Drools-based constraints come with a unit testing harness. To use it, first add a test scoped dependency to the optaplanner-test jar to take advantage of the JUnit integration and use the ScoreVerifier classes to test score rules in DRL (or a constraint match aware incremental score calculator).
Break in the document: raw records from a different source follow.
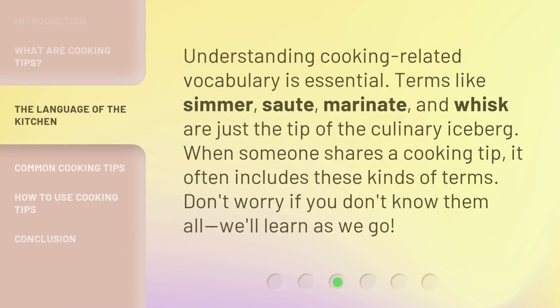Understanding cooking-related vocabulary is essential. Terms like simmer, sauté, marinate, and whisk are just the tip of the culinary iceberg. When someone shares a cooking tip, it often includes these kinds of terms. Don't worry if you don't know them all — we'll learn as we go.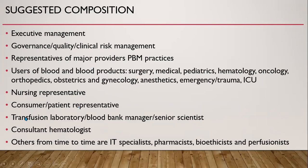There should be a person from the blood bank or transfusion laboratory, such as a blood bank manager or senior scientist. There should be a consultant haematologist. From time to time, additional members such as an IT specialist, pharmacist, bioethicist, perfusionist, or any other person as required may also participate.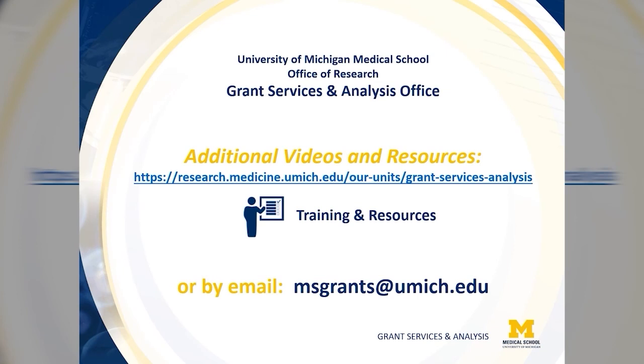Thank you for watching this video. For additional tools and resources, please see our website under the training and resources section, or by reaching out through email at msgrants@umich.edu.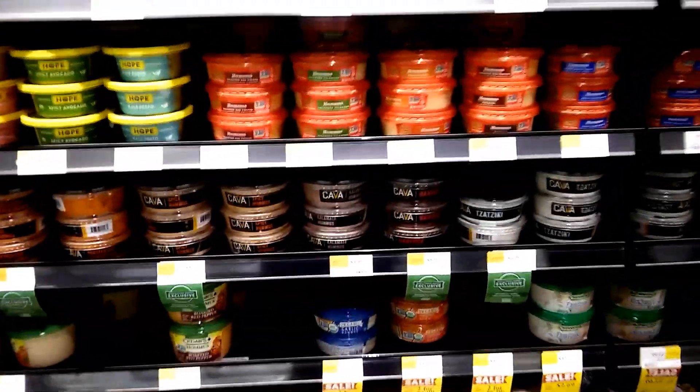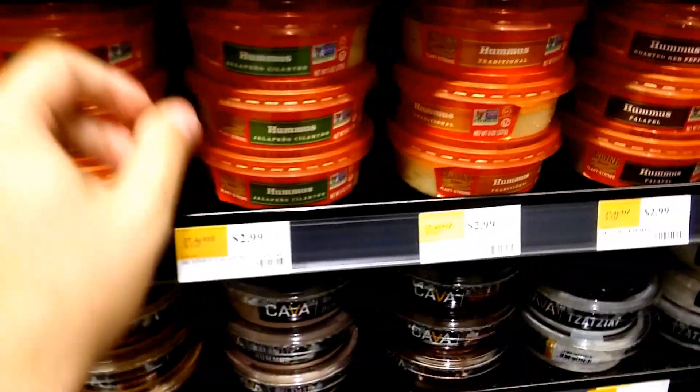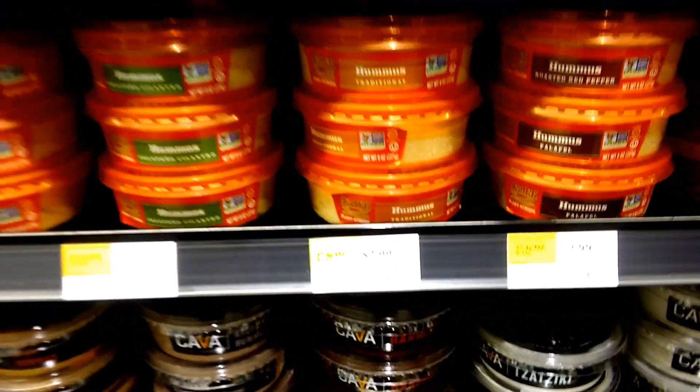I'm at Whole Foods and they have a hummus section on this end cap right here, and this is where I get my low-fat hummus. They have Engine 2 hummus — roasted red bell pepper, jalapeno, traditional, falafel, and spicy black bean. They're only $2.99, which is a pretty good deal.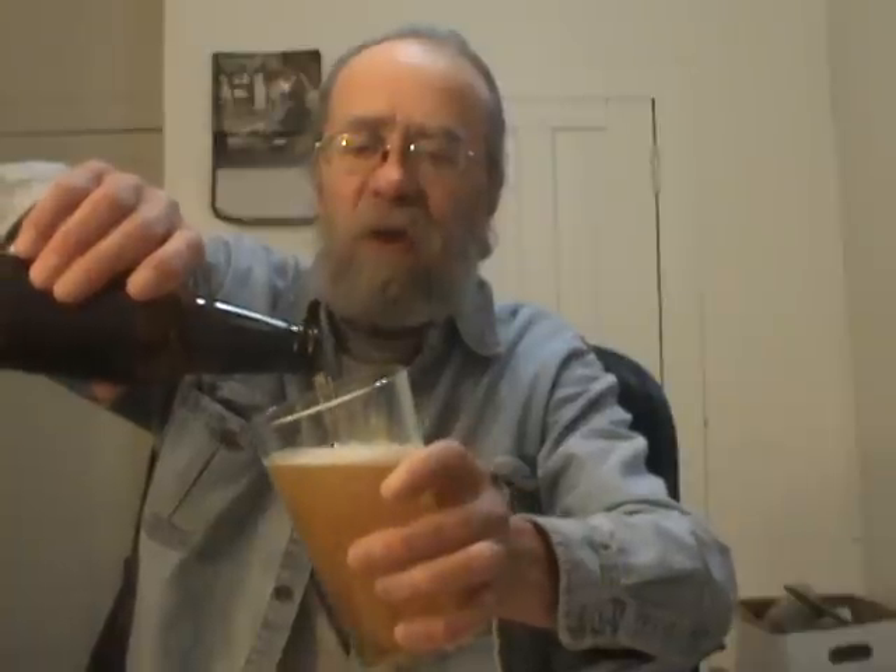Let me get it in my Founders glass here, sent to me by Tony in my very first beer trade. Hope you have a good holiday with your family, Tony, and hope your work slows down so you can start doing some more reviews.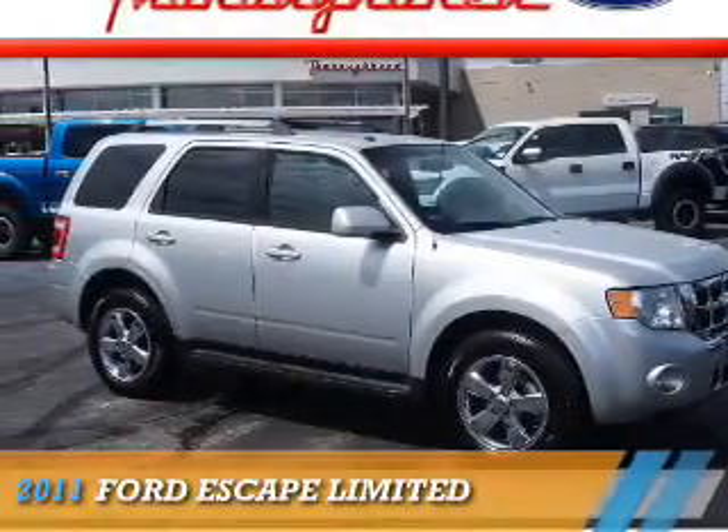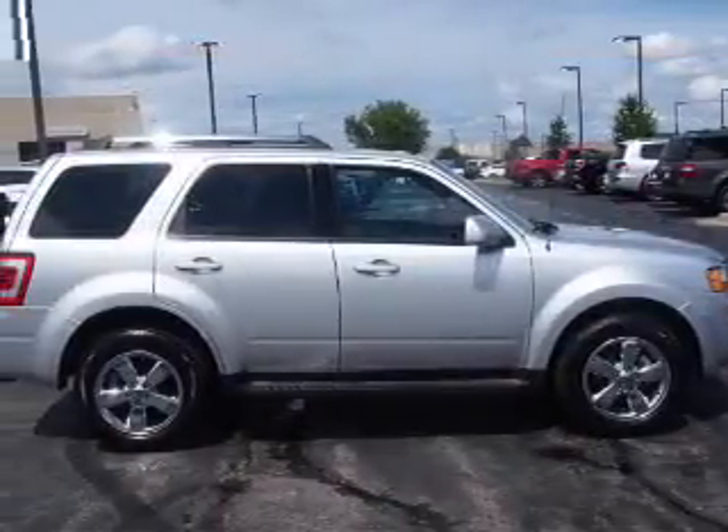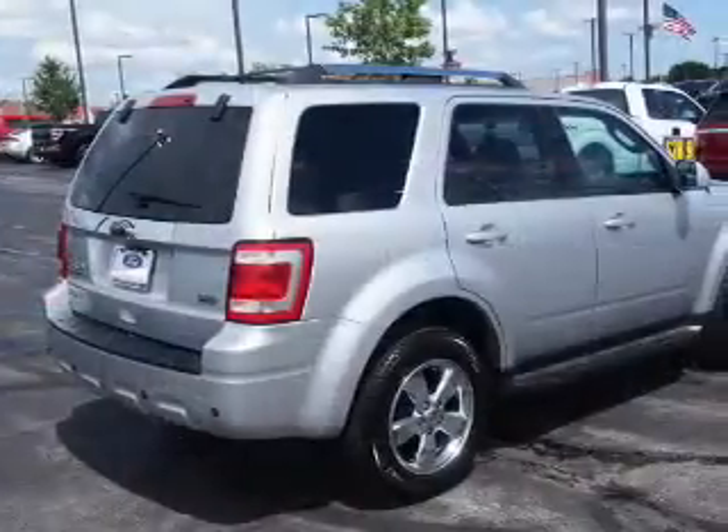Presenting the 2011 Ford Escape. It's powered by all-wheel drive, a three-liter six-cylinder engine, and a six-speed automatic transmission.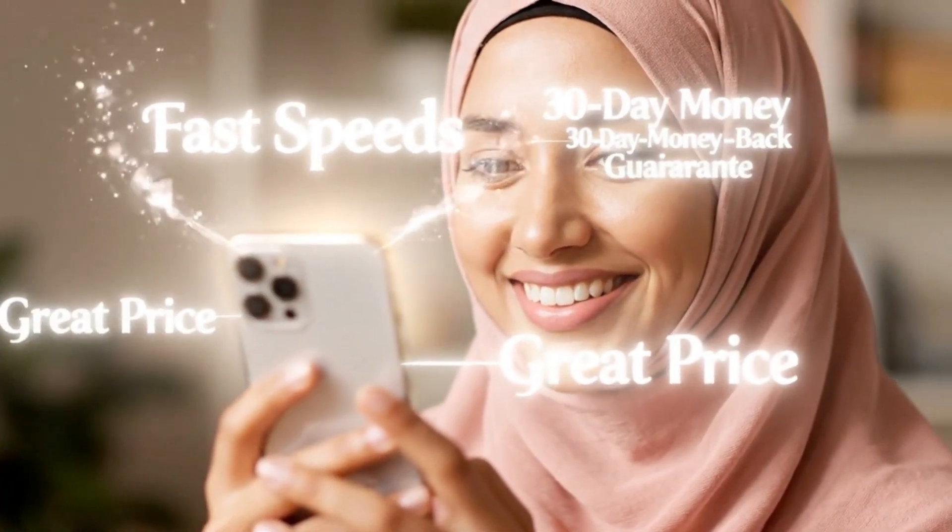Fast speeds. Great price. 30-day money-back guarantee.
For example, suppose you want to test these score rules:

global HardSoftScoreHolder scoreHolder;

rule "requiredCpuPowerTotal"
    when
        ...
    then
        scoreHolder.addHardConstraintMatch(...);
end

...

rule "computerCost"
    when
        ...
    then
        scoreHolder.addSoftConstraintMatch(...);
end

For each score rule, create a separate @Test that only tests the effect of that score rule on the score:

public class CloudBalancingScoreConstraintTest {

    private HardSoftScoreVerifier<CloudBalance> scoreVerifier = new HardSoftScoreVerifier<>(
            SolverFactory.createFromXmlResource(
                    "org/optaplanner/examples/cloudbalancing/solver/cloudBalancingSolverConfig.xml"));

    @Test
    public void requiredCpuPowerTotal() {
        CloudComputer c1 = new CloudComputer(1L, 1000, 1, 1, 1);
        CloudComputer c2 = new CloudComputer(2L, 200, 1, 1, 1);
        CloudProcess p1 = new CloudProcess(1L, 700, 0, 0);
        CloudProcess p2 = new CloudProcess(2L, 70, 0, 0);
        CloudBalance solution = new CloudBalance(0L,
                Arrays.asList(c1, c2),
                Arrays.asList(p1, p2));
        // Uninitialized
        scoreVerifier.assertHardWeight("requiredCpuPowerTotal", 0, solution);
        p1.setComputer(c1);
        p2.setComputer(c1);
        // Usage 700 + 70 is within capacity 1000 of c1
        scoreVerifier.assertHardWeight("requiredCpuPowerTotal", 0, solution);
        p1.setComputer(c2);
        p2.setComputer(c2);
        // Usage 700 + 70 is above capacity 200 of c2
        scoreVerifier.assertHardWeight("requiredCpuPowerTotal", -570, solution);
    }

    ...

    @Test
    public void computerCost() {
        CloudComputer c1 = new CloudComputer(1L, 1, 1, 1, 200);
        CloudComputer c2 = new CloudComputer(2L, 1, 1, 1, 30);
        CloudProcess p1 = new CloudProcess(1L, 0, 0, 0);
        CloudProcess p2 = new CloudProcess(2L, 0, 0, 0);
        CloudBalance solution = new CloudBalance(0L,
                Arrays.asList(c1, c2),
                Arrays.asList(p1, p2));
        // Uninitialized
        scoreVerifier.assertSoftWeight("computerCost", 0, solution);
        p1.setComputer(c1);
        p2.setComputer(c1);
        // Pay 200 for c1
        scoreVerifier.assertSoftWeight("computerCost", -200, solution);
        p2.setComputer(c2);
        // Pay 200 + 30 for c1 and c2
        scoreVerifier.assertSoftWeight("computerCost", -230, solution);
    }

}

There is a ScoreVerifier implementation for each Score implementation. In the assertHardWeight() and assertSoftWeight() methods, the weight of the other score rules is ignored (even those of the same score level).

A ScoreVerifier does not work well to isolate score corruption, use an assertionScoreDirectorFactory instead.